In their LLM inference example, they’re comparing their next-gen MI355X on FP4 vs current MI300X on FP8: that is, half the precision for the newer GPU. At that point, it’s basically trivial to showcase a big, fancy performance gap.
But this is bad! FP4 is less bits than FP8: performance will degrade. It’s not a true apples-to-apples comparison. Bad AMD, bad!
In fairness, you could argue that NVIDIA is partially to blame as they love (and started with) doing this kind of chart crimes, and AMD is kind of forced to in return because their figures would look unimpressive otherwise.
Too safe? Why I think AMD should be Bolder
Remember AMD’s developer cloud that I mentioned earlier? Well, it’s not an original idea: Google did it first, it was called the Tensorflow Research Cloud, now TPU Research Cloud, where they have (and continue to) give out TPU time to anyone who asks, with few questions, and the only requirements being that you don’t do bad stuff with it, open source your research, and write about your experience. They give it out like candy, it’s pretty nice.
In fact, my first experience with LLMs (before they were even called LLMs, we just called them GPTs) was finetuning GPT-J-6B on a dataset of pony fanfiction back in 2021, all with TPUs from the TRC. GPT-J itself was pretrained on TPUs as well: the default quota you get is already very good (enough to comfortably finetune the aforementioned model), but you can ask for more: EleutherAI back then got a TPU v3-256 pod for approximately 5 weeks.
According to Grok, in modern terms, that’s equivalent to 107.5k H100 hours — and that’s in 2021, when the most performant GPU was the A100 and the H100 was probably still in the blueprint stage.
And Google just gave away said caliber of compute to EleutherAI, through their research cloud.
Let me dig into my emails. This is the quota I was given at the moment, just for asking.
Once again according to Grok, the on-demand quota I got would be equivalent to 20 H100s, for a whole month with easy extension. Now let’s compare it to AMD’s current offer:
With AMD’s developer cloud, I got $50 worth of credits, which at $2/GPU/hr for MI300X would be just 25 MI300X hours. Now I’m not one to bitch about free things, free things are good — and I know AMD isn’t Google, they don’t have the same resources, but I think this is them just playing it too safe. As a SemiAnalysis article noted, AMD needs their own GPT-J moment, and the amount of compute they give out is only enough for toying around for a little, but not anything serious.
And I argue, naming your thing Developer Cloud is going to draw comparisons with other things named Developer Cloud like it. So, I think it’s a fair comparison.

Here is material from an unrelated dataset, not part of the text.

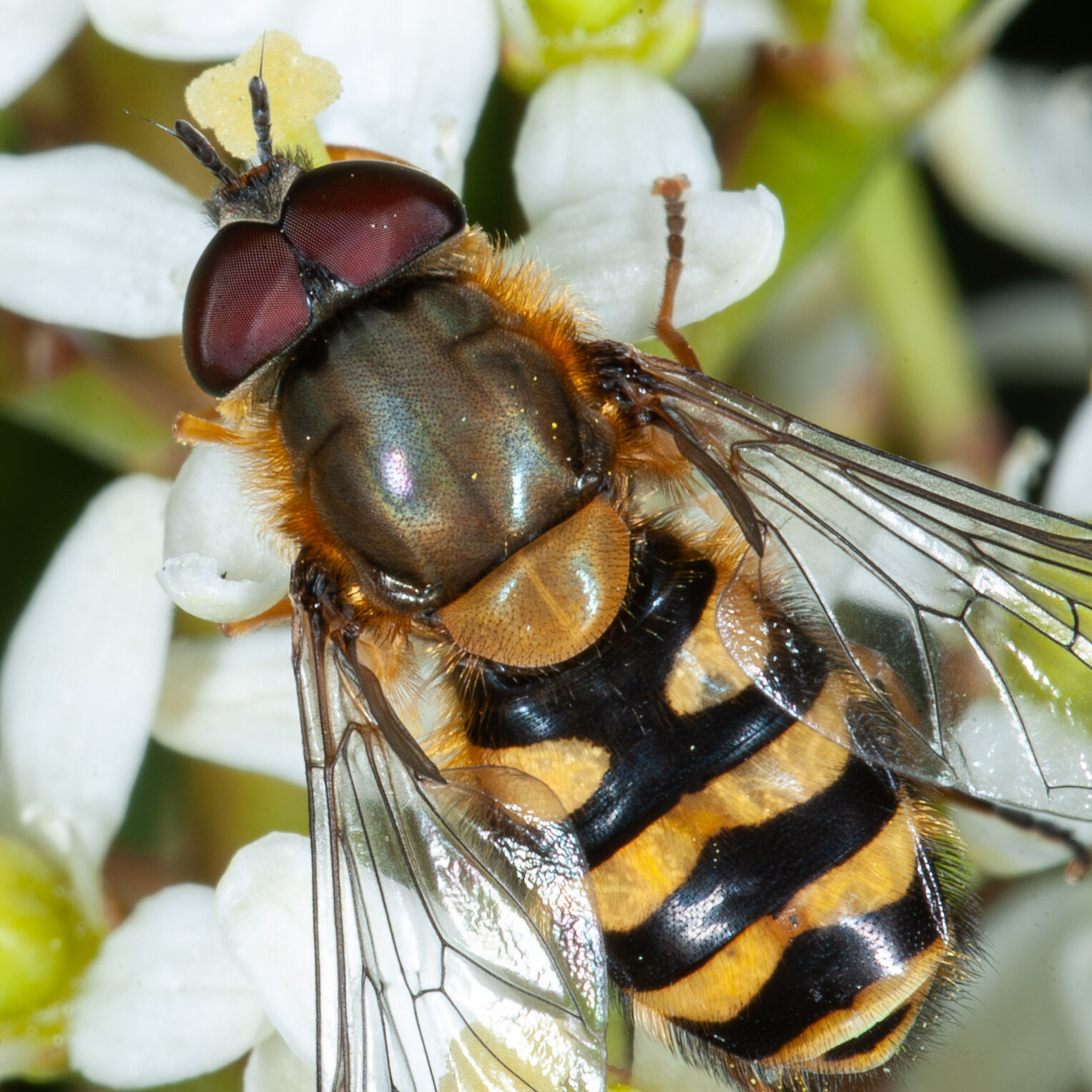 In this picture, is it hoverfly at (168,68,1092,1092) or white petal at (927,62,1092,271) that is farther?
white petal at (927,62,1092,271)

This brings me into my second point: AMD’s in-house research group is playing it too safe: they’re just releasing LLMs and VLMs like the aforementioned Instella. Now, this is not a diss against the engineers themselves: if you read the technical report, you can see that real innovation and engineering prowess went into these creations, but rather my point is that there are a trillion of these models out and about. You need to be a DeepSeek to stand out; otherwise, it’s all going to be lost into the sea of models.

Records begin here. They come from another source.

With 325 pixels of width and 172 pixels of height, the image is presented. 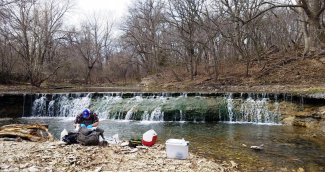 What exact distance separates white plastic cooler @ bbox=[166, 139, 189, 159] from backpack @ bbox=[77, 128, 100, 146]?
6.69 feet

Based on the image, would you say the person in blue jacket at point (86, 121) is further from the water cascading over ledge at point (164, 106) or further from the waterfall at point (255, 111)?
the waterfall at point (255, 111)

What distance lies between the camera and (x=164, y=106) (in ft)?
52.3

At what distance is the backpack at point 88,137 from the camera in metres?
7.81

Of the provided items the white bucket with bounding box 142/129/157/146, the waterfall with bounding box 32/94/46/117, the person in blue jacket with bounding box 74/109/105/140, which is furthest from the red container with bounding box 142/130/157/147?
the waterfall with bounding box 32/94/46/117

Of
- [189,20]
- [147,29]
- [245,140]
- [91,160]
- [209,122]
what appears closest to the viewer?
[91,160]

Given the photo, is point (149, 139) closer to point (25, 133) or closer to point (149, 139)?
point (149, 139)

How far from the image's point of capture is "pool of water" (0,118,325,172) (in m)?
7.56

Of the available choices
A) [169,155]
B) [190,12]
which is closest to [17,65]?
[190,12]

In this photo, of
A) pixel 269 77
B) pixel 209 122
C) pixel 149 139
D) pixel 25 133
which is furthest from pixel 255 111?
pixel 25 133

There’s nothing exciting about these models in principle, which means they aren’t going to get popular on their own. AMD’s AI division should make something that can become popular on its own merit, maybe in a field like audio or image: but that requires real risk-taking: the kind where there’s a real chance you might just not succeed. LLMs are safe, but boring.
But the world rewards (albeit good) risk-takers.
Conclusion
There’s a lot more that I could’ve written and gone into detail, but I want to end it here. Unlike my other technical writings, this is more of a high-level, human overview of the landscape of things.

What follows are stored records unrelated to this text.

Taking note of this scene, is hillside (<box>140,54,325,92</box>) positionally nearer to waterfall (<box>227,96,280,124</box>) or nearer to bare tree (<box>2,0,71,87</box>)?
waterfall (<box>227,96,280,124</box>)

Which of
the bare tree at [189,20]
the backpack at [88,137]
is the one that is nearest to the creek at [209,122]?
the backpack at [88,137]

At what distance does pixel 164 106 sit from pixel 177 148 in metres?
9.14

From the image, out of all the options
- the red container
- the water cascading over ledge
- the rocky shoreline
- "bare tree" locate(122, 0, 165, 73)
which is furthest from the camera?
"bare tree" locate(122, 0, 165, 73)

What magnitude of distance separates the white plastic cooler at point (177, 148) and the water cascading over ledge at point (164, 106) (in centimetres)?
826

Using AMD GPUs for deep learning is a thing that seemed impossible to me just a year or two prior. But now I am doing it.
If AMD keeps up the momentum, then, for the first time, I can say that NVIDIA now has real competition in this field. But AMD will not have a singular Ryzen moment over NVIDIA like it did against Intel; it’s going to be a slow battle.
And this is good. I don’t want the whole AI market to be dominated by a single vendor (and Google).